Operating System Basics
Just like the keyboard and mouse are the interface between the computer and the user, the operating system is the interface between the computer and the software it’s running. The operating system acts like a traffic cop pushing and pulling data to and from memory, registers, input and output devices, and the processor. The easiest way to think about a mainframe operating system simply is as an operating system on a mainframe computer, a powerful device used mainly by governments and businesses to process large amounts of information and support a great number of users.
Origins and Development
In the 1950s, before desktop computers and long before laptops, all computing was done on mainframe computers. These computers could take up a whole room and most weren’t powerful, at least not by modern standards. They typically did less work than one of today’s laptop computers. As a matter of fact, the earliest computers were designed to only do one job or run a single program.
As computer programs got more complicated and computer hardware accordingly became less expensive, it became more effective to build computers that could run more than one type of program at once. To enable this, computer engineers had to develop a way that the computer could adapt itself to a new and different program. The mainframe OS developed accordingly.

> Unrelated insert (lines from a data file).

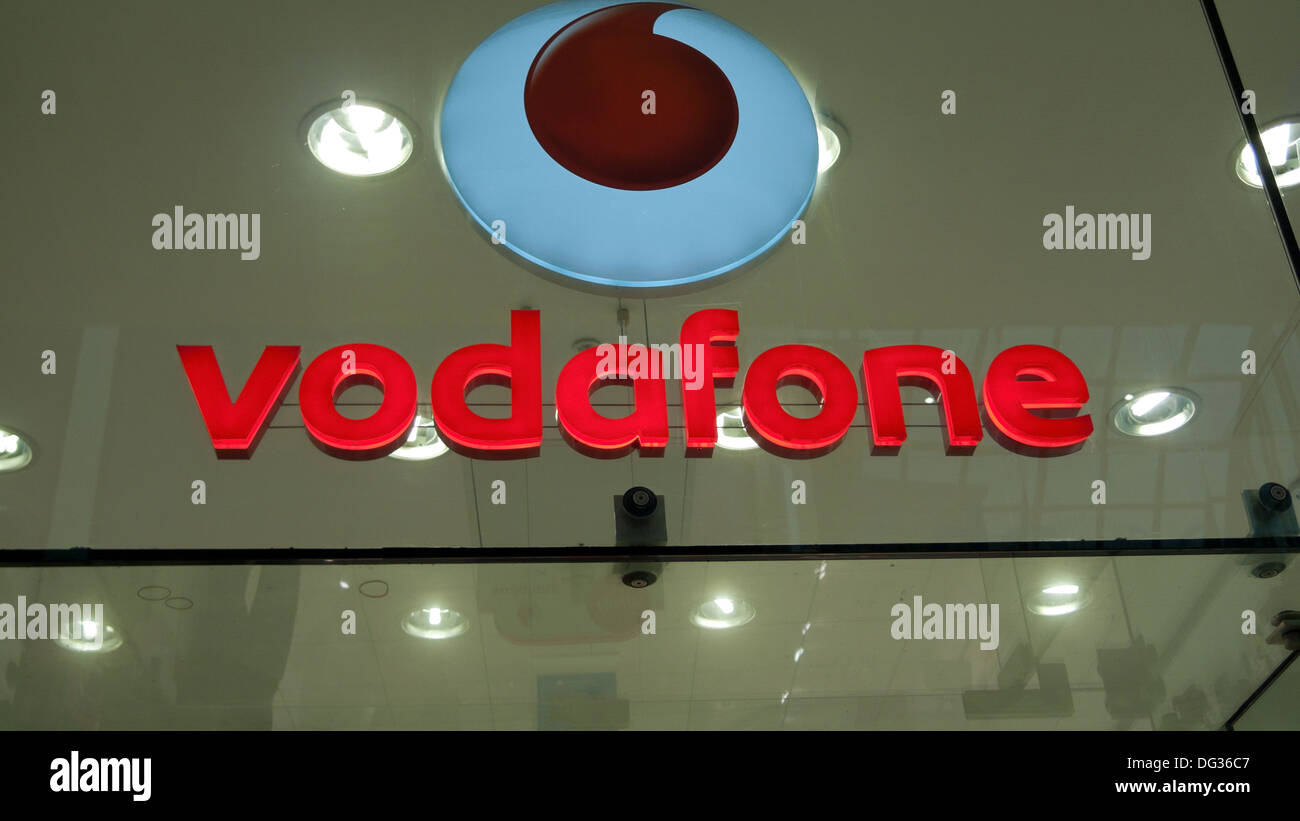 Vodafone sign and logo in shop window Wales UK Stock Photo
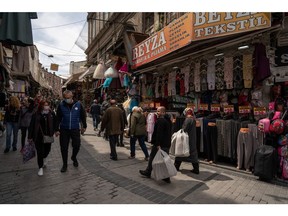 Shoppers pass a clothing store in Istanbul.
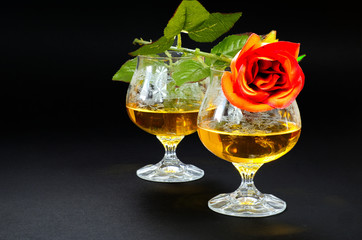 Two glasses of cognac with red rose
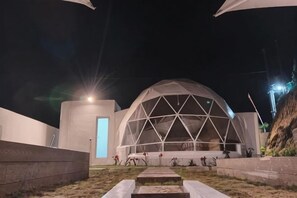 Een modern gebouw met een koepelstructuur, een pad naar de ingang en een klein tuintje.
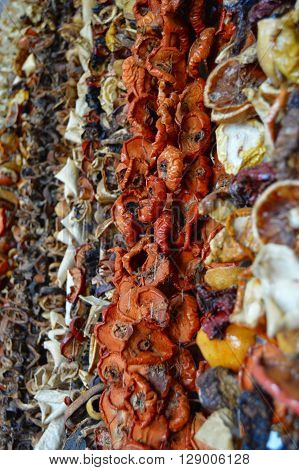Wall of fruits to dry hung with ropes with oranges lemons tomatoes..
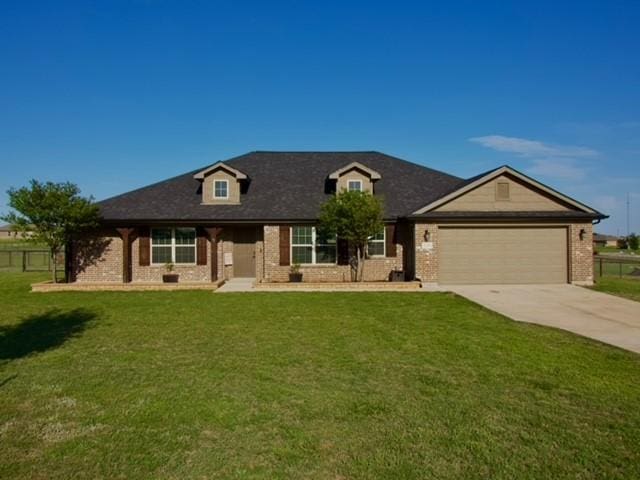 view of front of home with a front yard, brick siding, a garage, and driveway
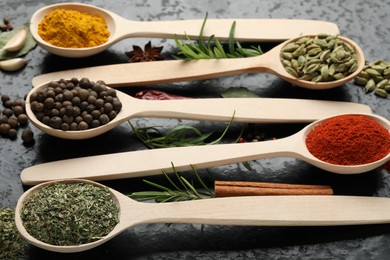 Photo of Many different spices in spoons on black table, closeup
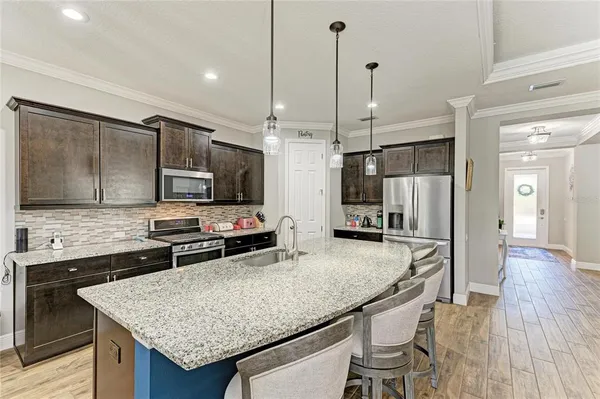 a kitchen with granite countertop kitchen island stainless steel appliances a sink stove and refrigerator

One of the earliest functions of the system was reading punch cards, which were basically very early versions of floppy disks and readable CDs. On those first computers, not only was there no mouse, there was also no keyboard. All input into the computer came from cards with holes punched in them in specific patterns. The position of the holes determined the data that was being transmitted and transferred. The OS read each cards and translated it into the binary data that the computer understood and could use to execute certain specific functions.
This old computer input method is a good example of what an operating system does. If a computer program is looking for a series of numbers, for example, it doesn’t really matter where those numbers are coming from. Binary data can come from punch cards, a keyboard, an Internet script, or voice recognition software. The operating system takes the number from the input device and hands it off to the program, which then uses it as needed.

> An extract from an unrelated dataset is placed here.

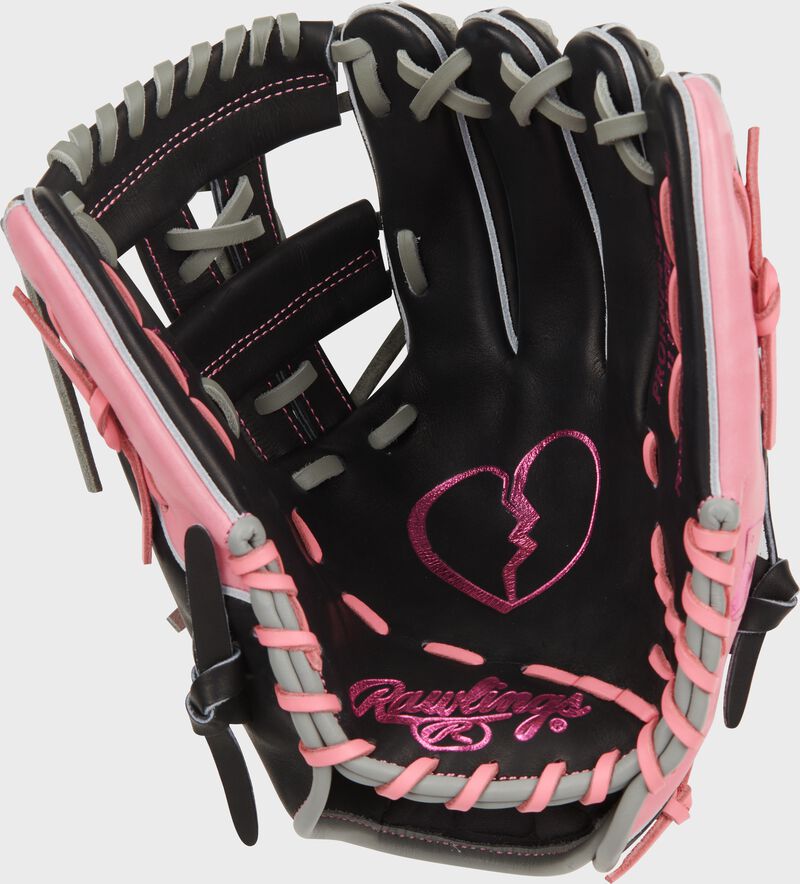 Black palm of a Rawlings Heart of the Hide Broken Heart 11.5" glove with a pink broken heart stamped in the palm loading=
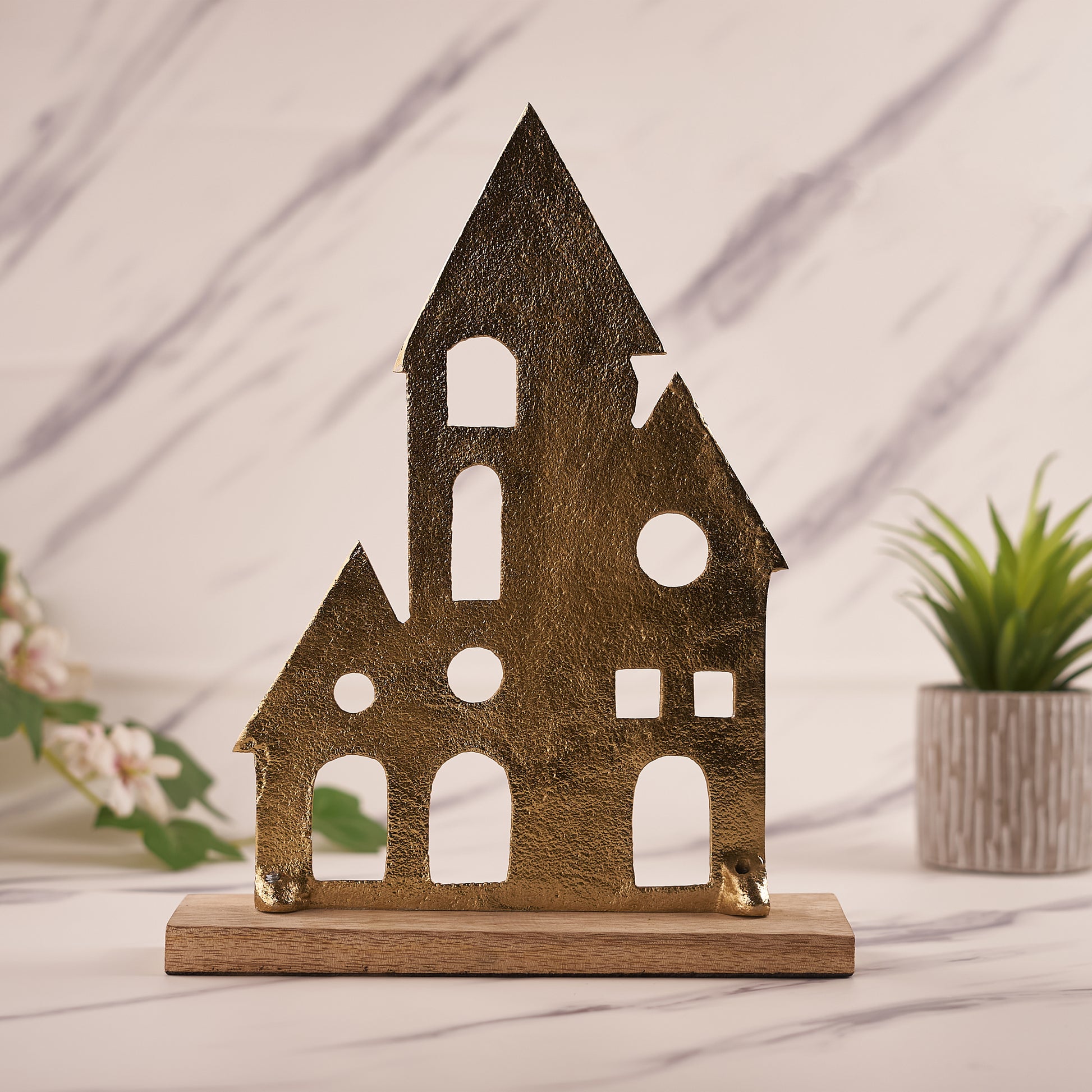 Brass House Figurine with Wooden Base with tree pot behind it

It was through these early days of operating system functionality that aspects of modern computing were first pioneered. Concepts such as batch processing, multitasking, buffering, and spooling — all key elements of how computers work today — were first introduced in the mainframe operating systems of the 1950s, though obviously in much simpler forms. Technicians have built on these early ideas to enable everything from remote data transfer to smartphone Internet connectivity.